I truly had not remembered the poem, but stongly remembered the dear friend I had lost, for whom it was written. After hearing the poem a few times it slowly started coming back, but then so did a realization.
I love to write, but that doesn't make it great. Sometimes it very difficult. This poem was very special though, and now I know what made it so. Love. People have asked me, what my writing style is? I never knew what it was. Today, I know. I cannot write well, writing about myself. I write about others, for my love and appreciation of them. People give me the gift of writing, and writing well............people.

Thursday, August 18, 2005

Really

"Daughter," I ask, "What did you eat this morning?"

"Chocolate bars," says Daughter

"How many?" I ask.

"Just two, honestly Mom." say daughter.

"You know Daughter, too much sugar can be very dangerous.
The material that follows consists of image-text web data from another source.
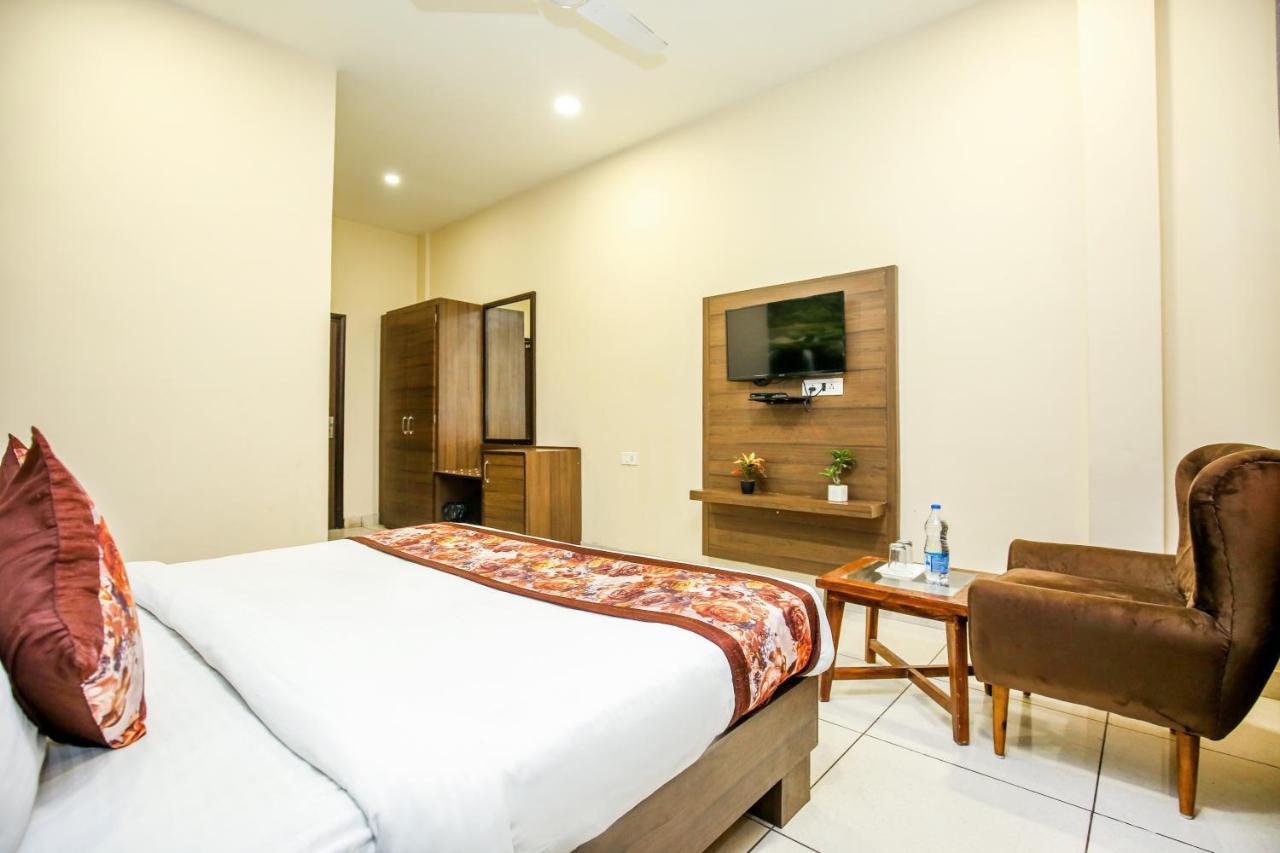 Hotel Karan Residency - 5 Min Walk From Golden Temple Amritsar Exteriér fotografie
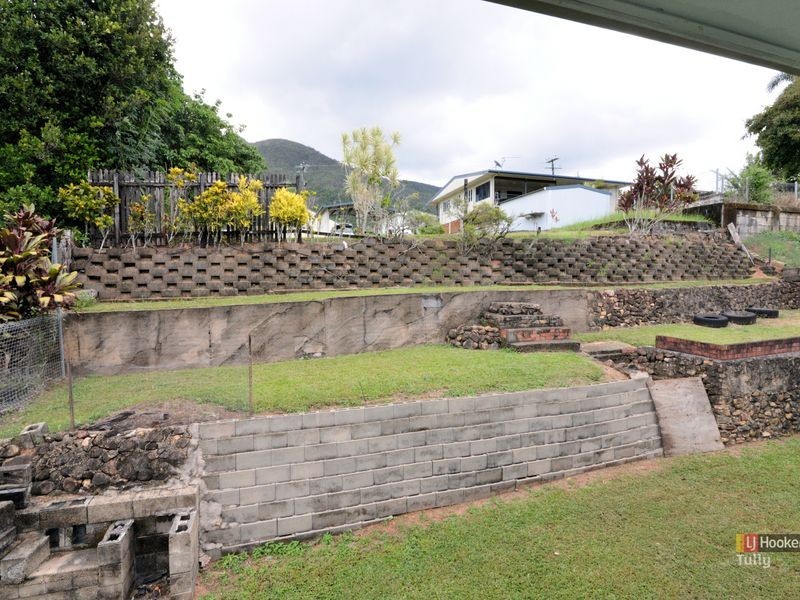 7 Hielscher Street, Tully QLD 4854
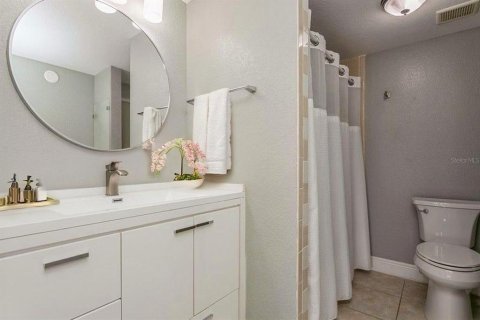 Condo in Pinellas Park, Florida, 2 bedrooms  № 1796059 - photo 11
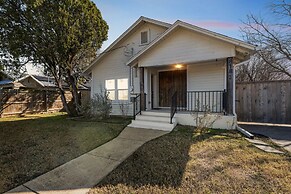 Silos And Stadium Family Oasis Awaits 3 Bedroom Home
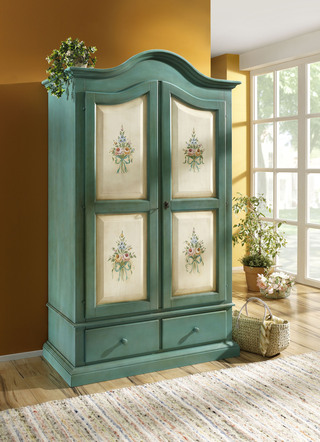 Kleiderschrank in Landhaus-Optik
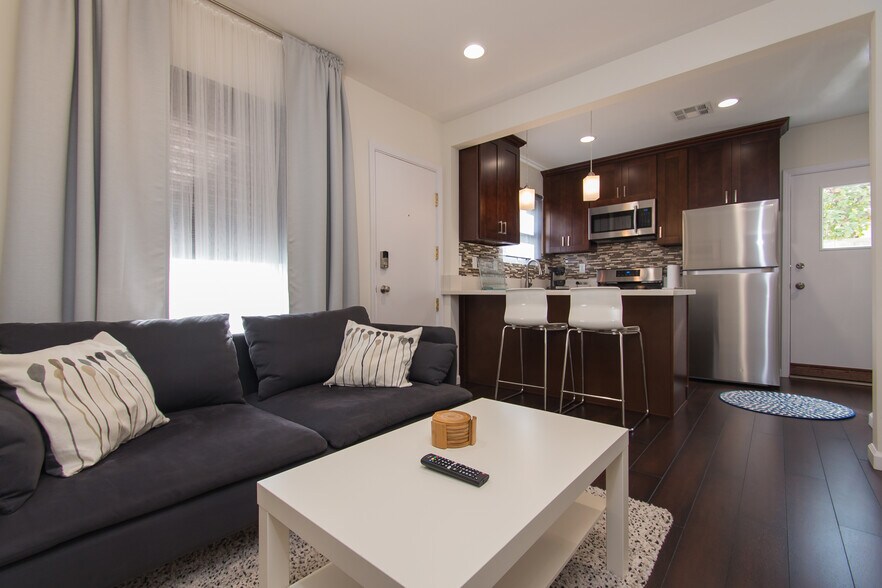 239 W Hillcrest Blvd, Inglewood, CA à vendre - Photo du bâtiment - Image 3 de 72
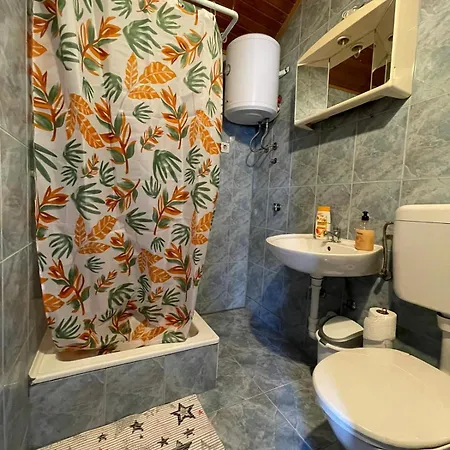 ゲストハウス Arch- Budget Doublebed In Center 3*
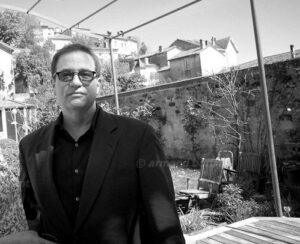 jl Head shot BW 300x244 About Jeff Leve and The Wine Cellar Insider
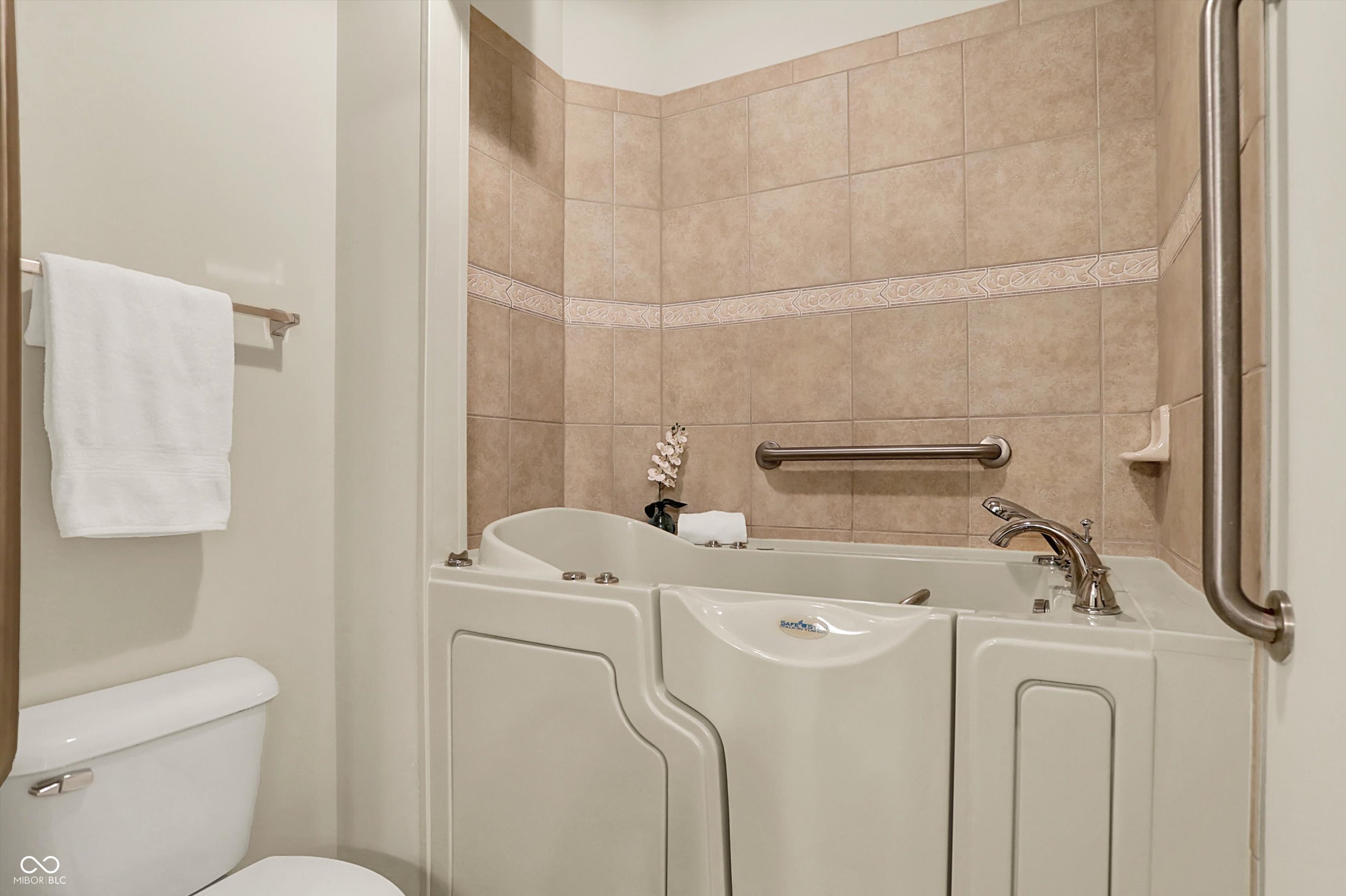 13902 Rue Royale Lane Unit: 62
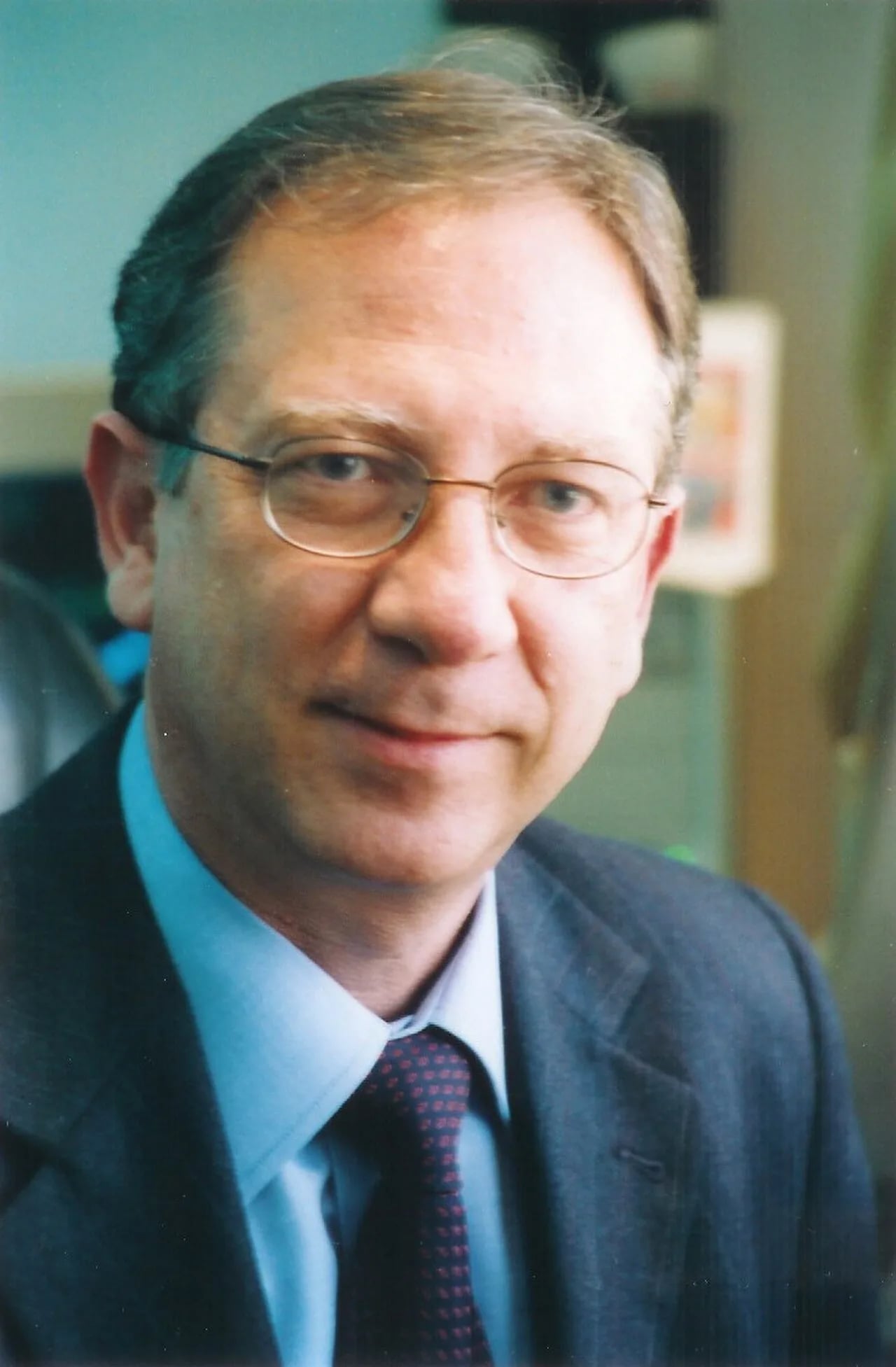 Porträt von Riad Ismat (1947–2020) – Gedenkseite
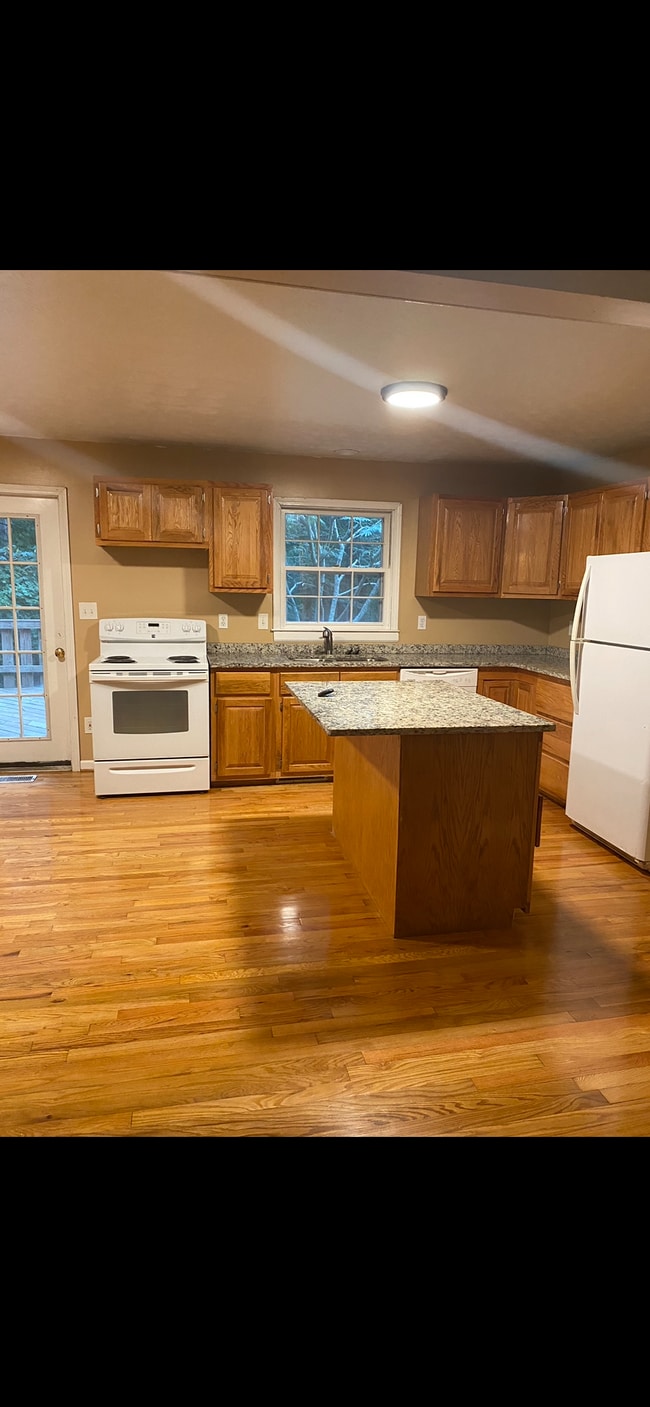 Photo - 130 Robinson Dr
It can make you really sick.
Just like Grandpa, he has diabetes so he has to avoid sugar as it makes him sick." I state.

"He's allergic to sugar right, Mom," says Daughter.

"Yes, sorta," I say.

With a very concerned look, daughter says,"So because I eat all that sugar, Grandpa might be allergic to me, and I won't be able to play with him?"

"Lets go through this again, shall we," I say chuckling.

Tuesday, August 16, 2005

The Window

Looking out... I see
a buzzing bee,
A lilac in full bloom,
and the grass as green can bee.

Looking out...she sees
barren land,
a life of hunger,
tears of struggle,
and hears the army tanks like thunder.

Looking out...he sees,
glass towers
roof tops,
smoke stacks
and the streets filled with pressed slacks.

A window into the world is not always a pretty sight.

Monday, August 15, 2005

I'll Phone You

Nothing worse than the phone ringing first thing in the morning. No time for coffee, a stretch, or a pee, just a ring, ring in your ear. Lovely.

Now being a stay- at- home Mother causes me to run, run all day long, so after eight in the evening with the children are in bed, I finally get a chance to relax on the couch.

Ring, Ring, once again, if it's not a child crying for water it is a ring, ring in you ear.

A have an answering machine, it works fine and often nobody leaves a message.

Last week, I got hounded because I'm never home and don't answer my phone. Well, to be blunt, I should not answer the phone 24-7. Unless you need a good blast of "Leave me the Hell Alone, I'm feeling anti social."

So there it is. So leave a message and I'll call you back. And yes, sometimes I just ain't home.

Monday, August 01, 2005

On the Menu this week.

This week I was served a bowl of human suffering.

Small bowl, just enough for my mind to carry me to the deep depths of dispair. I watched a movie, "The Notebook." I cried, and thought about life and cried somemore. Now I'd still be crying if it weren't for the reality interuptions of cooking dinner and doing dishes.

Life is not always romantic, entertaining, or funny. It's not always warm, fuzzy and comfortable. Most of the time it's just blah...sometimes down right cruel.